Add installation of data-files build artifacts into Python package by jakelishman · Pull Request #574 · PyO3/setuptools-rust

jakelishman · 2026-02-22T16:15:49Z

This allows a RustExtension to "own" some data files, produced programmatically as part of its build.rs script, and for these to be installed along with the built extension module somewhere into the Python package tree. The motivating example use is an extension module that provides a C API, and generates the header file needed to access it and a function-pointer table in a PyCapsule as part of its build script; the header file ideally should be installed as a regular file inside the Python wheel, so the package can be used as a build dependency.

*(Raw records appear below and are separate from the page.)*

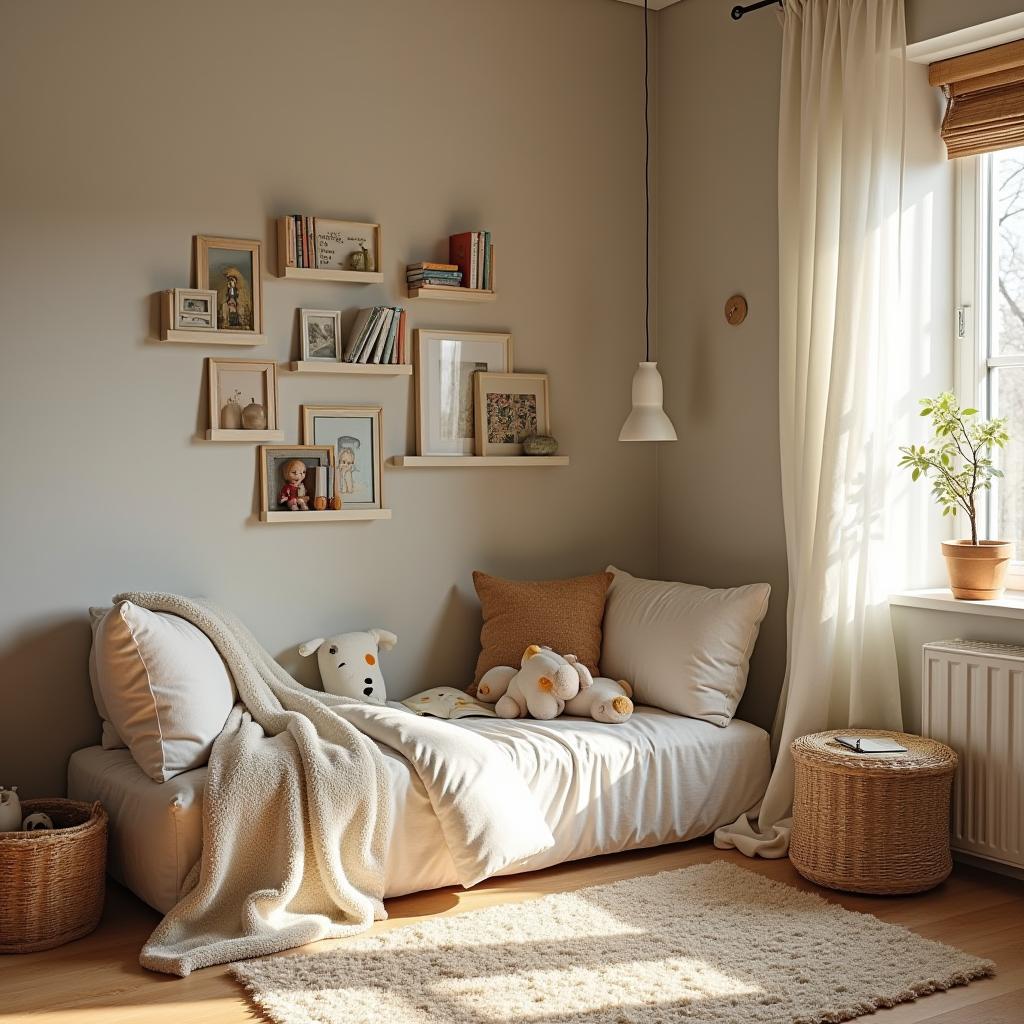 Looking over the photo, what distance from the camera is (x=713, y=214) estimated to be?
425cm

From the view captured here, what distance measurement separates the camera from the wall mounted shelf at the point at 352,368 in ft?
12.2

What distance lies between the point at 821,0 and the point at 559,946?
2781mm

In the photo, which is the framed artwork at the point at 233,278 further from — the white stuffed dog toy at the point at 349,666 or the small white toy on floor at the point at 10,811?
the small white toy on floor at the point at 10,811

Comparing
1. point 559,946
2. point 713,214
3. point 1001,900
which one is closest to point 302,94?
point 713,214

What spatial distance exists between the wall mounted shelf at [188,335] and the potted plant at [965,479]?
6.45 ft

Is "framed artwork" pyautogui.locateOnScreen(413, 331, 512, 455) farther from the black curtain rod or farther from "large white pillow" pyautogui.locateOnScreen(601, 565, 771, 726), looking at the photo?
the black curtain rod

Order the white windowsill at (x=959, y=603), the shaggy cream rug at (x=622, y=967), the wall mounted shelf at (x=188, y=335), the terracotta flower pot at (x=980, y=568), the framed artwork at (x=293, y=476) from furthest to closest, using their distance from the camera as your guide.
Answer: the framed artwork at (x=293, y=476) < the wall mounted shelf at (x=188, y=335) < the terracotta flower pot at (x=980, y=568) < the white windowsill at (x=959, y=603) < the shaggy cream rug at (x=622, y=967)

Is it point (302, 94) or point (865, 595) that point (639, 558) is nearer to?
point (865, 595)

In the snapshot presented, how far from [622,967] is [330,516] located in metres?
1.67

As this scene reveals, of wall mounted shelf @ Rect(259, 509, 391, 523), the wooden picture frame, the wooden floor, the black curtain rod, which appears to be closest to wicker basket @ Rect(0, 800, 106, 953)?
the wooden floor

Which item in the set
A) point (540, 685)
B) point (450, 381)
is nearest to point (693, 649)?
point (540, 685)

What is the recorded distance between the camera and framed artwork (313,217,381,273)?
377 centimetres

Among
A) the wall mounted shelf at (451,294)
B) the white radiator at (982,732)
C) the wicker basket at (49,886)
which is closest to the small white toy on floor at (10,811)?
the wicker basket at (49,886)

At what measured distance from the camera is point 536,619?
3.94 m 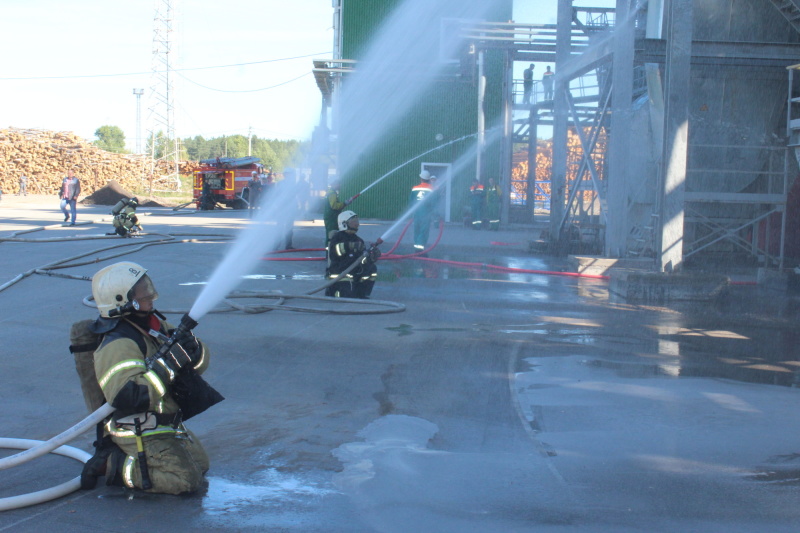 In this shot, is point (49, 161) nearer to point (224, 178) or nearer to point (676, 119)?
point (224, 178)

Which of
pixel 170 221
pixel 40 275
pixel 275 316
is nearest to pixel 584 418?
pixel 275 316

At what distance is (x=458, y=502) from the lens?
4.04 metres

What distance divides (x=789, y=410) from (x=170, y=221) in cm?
2257

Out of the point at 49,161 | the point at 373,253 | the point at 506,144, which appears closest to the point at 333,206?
the point at 373,253

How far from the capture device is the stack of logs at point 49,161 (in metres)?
45.8

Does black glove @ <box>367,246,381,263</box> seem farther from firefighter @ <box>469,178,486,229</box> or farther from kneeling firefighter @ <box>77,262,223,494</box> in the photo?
firefighter @ <box>469,178,486,229</box>

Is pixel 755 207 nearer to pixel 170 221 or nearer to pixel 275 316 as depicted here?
pixel 275 316

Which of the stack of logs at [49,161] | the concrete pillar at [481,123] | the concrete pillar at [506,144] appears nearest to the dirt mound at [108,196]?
the stack of logs at [49,161]

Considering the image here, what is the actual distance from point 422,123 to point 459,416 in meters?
25.0

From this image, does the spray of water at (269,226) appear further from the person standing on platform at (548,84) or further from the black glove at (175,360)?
the person standing on platform at (548,84)

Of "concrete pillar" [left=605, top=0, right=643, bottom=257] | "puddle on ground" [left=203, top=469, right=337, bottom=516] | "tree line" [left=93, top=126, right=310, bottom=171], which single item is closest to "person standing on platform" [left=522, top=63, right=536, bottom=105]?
"concrete pillar" [left=605, top=0, right=643, bottom=257]

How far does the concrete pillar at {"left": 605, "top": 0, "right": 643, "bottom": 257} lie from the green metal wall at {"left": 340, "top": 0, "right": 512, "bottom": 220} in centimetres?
1596

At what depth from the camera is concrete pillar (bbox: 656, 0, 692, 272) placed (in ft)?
37.1

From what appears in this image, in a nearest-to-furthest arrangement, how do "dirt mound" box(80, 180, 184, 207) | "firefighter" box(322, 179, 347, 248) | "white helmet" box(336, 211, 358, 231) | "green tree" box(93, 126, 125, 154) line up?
"white helmet" box(336, 211, 358, 231) → "firefighter" box(322, 179, 347, 248) → "dirt mound" box(80, 180, 184, 207) → "green tree" box(93, 126, 125, 154) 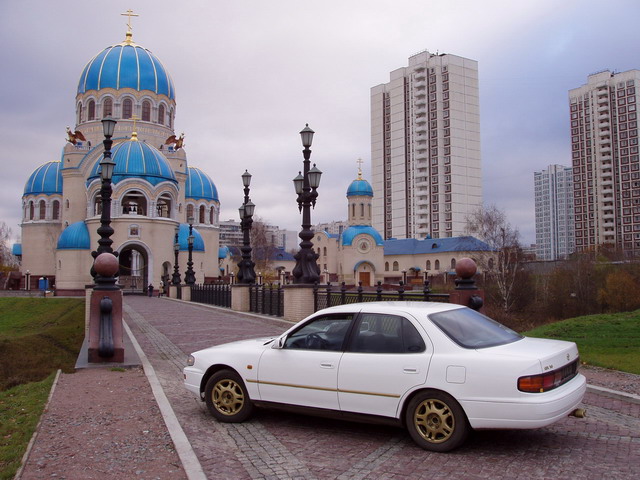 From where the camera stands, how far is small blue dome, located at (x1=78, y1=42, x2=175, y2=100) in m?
53.5

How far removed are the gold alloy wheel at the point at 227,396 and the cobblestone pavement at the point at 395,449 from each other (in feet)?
0.61

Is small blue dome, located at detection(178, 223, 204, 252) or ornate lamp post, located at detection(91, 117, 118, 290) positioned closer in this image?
ornate lamp post, located at detection(91, 117, 118, 290)

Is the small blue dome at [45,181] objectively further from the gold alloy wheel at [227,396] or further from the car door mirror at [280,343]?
the car door mirror at [280,343]

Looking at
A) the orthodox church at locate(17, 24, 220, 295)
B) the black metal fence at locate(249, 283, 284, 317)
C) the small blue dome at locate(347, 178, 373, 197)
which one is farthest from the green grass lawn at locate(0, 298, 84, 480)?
the small blue dome at locate(347, 178, 373, 197)

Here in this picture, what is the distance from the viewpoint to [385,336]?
18.7 ft

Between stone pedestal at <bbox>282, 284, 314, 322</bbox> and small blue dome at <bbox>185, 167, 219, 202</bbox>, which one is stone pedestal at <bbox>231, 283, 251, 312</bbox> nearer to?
stone pedestal at <bbox>282, 284, 314, 322</bbox>

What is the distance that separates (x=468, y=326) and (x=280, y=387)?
2115 mm

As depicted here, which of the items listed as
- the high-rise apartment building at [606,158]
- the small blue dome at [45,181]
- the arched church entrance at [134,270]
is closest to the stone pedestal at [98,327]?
the arched church entrance at [134,270]

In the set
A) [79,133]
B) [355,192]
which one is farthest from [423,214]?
[79,133]

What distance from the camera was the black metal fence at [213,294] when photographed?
28094 mm

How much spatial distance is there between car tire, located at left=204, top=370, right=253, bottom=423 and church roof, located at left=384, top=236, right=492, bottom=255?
199 ft

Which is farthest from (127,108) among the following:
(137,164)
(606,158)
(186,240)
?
(606,158)

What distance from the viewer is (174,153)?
57531mm

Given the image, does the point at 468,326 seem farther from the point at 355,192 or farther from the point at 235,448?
the point at 355,192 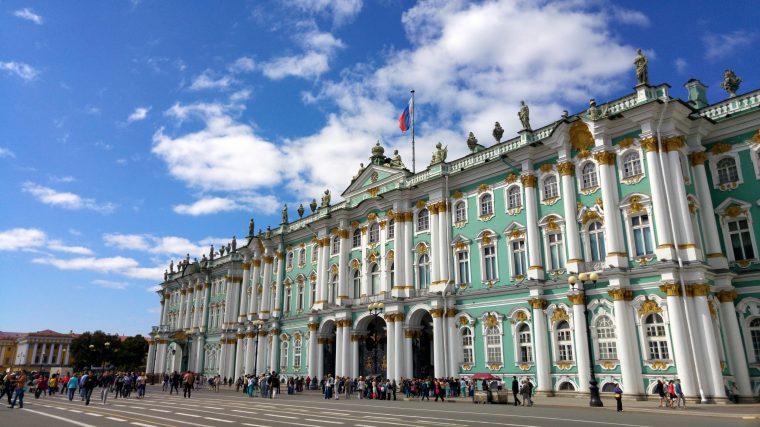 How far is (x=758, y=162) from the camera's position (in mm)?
27797

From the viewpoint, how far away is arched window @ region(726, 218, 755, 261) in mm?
27641

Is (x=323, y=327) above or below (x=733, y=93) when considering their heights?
below

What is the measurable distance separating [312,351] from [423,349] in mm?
11674

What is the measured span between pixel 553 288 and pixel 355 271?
19071 millimetres

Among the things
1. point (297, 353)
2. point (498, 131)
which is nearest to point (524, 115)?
point (498, 131)

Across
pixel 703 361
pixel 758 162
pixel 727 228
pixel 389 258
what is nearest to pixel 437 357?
pixel 389 258

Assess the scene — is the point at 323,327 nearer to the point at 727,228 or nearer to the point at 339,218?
the point at 339,218

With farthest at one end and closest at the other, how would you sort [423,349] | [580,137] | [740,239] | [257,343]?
[257,343] → [423,349] → [580,137] → [740,239]

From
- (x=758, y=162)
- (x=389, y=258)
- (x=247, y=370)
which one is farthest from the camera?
(x=247, y=370)

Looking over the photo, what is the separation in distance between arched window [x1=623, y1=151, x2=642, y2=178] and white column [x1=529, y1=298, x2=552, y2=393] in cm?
868

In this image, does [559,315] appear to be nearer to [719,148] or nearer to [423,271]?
[423,271]

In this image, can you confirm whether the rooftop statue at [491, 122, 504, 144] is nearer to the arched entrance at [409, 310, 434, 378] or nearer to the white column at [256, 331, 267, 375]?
the arched entrance at [409, 310, 434, 378]

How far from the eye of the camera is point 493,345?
34281mm

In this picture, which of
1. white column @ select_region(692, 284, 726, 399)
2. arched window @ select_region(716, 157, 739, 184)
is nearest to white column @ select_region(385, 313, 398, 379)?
white column @ select_region(692, 284, 726, 399) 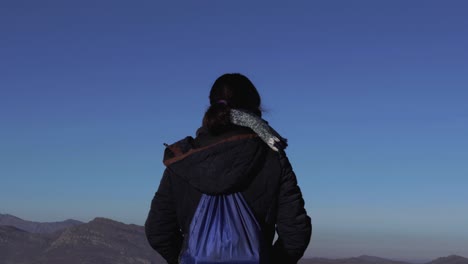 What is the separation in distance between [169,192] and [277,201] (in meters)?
0.84

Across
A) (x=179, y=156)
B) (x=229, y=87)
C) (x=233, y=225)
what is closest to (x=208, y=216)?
(x=233, y=225)

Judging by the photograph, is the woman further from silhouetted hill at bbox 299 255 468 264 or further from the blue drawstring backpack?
silhouetted hill at bbox 299 255 468 264

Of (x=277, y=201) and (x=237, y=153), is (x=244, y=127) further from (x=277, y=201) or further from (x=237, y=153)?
(x=277, y=201)

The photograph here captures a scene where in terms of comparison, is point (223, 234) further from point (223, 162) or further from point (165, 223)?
point (165, 223)

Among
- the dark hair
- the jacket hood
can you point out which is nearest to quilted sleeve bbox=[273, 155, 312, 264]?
the jacket hood

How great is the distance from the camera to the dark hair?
5328mm

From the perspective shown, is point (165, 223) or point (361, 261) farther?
point (361, 261)

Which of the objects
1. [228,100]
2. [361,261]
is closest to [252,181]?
[228,100]

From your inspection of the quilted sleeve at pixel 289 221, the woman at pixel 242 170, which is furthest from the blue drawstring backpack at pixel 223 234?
the quilted sleeve at pixel 289 221

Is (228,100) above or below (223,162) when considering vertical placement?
above

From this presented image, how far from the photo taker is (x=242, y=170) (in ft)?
17.0

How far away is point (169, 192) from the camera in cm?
554

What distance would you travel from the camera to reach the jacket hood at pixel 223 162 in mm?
5156

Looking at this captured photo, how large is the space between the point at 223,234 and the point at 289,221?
0.53 metres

I've written in a basic example to use as a test case because I didn't want to just to immediately writing something like the cbindgen-based setup that motivated this work from my side. I got repeatedly bitten by TOML 1.0 (what Python's tomllib stdlib library can handle) not supporting newlines in inline tables when trying to write the data-files key! But happily there's syntax that works, even with the array-of-tables form there.

I'm not convinced by the logic around universal2 handling, but I also can't entirely see the use case for generated files and universal2 other than only needing one copy, so maybe what I've done is overkill.

I was able to use this logic entirely successfully with my own downstream package (Qiskit/qiskit#15711, though the code there is much more involved).

Close #563.

This allows a `RustExtension` to "own" some data files, produced programmatically as part of its `build.rs` script, and for these to be installed along with the built extension module somewhere into the Python package tree. The motivating example use is an extension module that provides a C API, and generates the header file needed to access it and a function-pointer table in a `PyCapsule` as part of its build script; the header file ideally should be installed as a regular file inside the Python wheel, so the package can be used as a build dependency.

davidhewitt

Thanks, a bunch of thoughts posted as comments below. Good to see this can all come together though I guess we need to think a bit about the config.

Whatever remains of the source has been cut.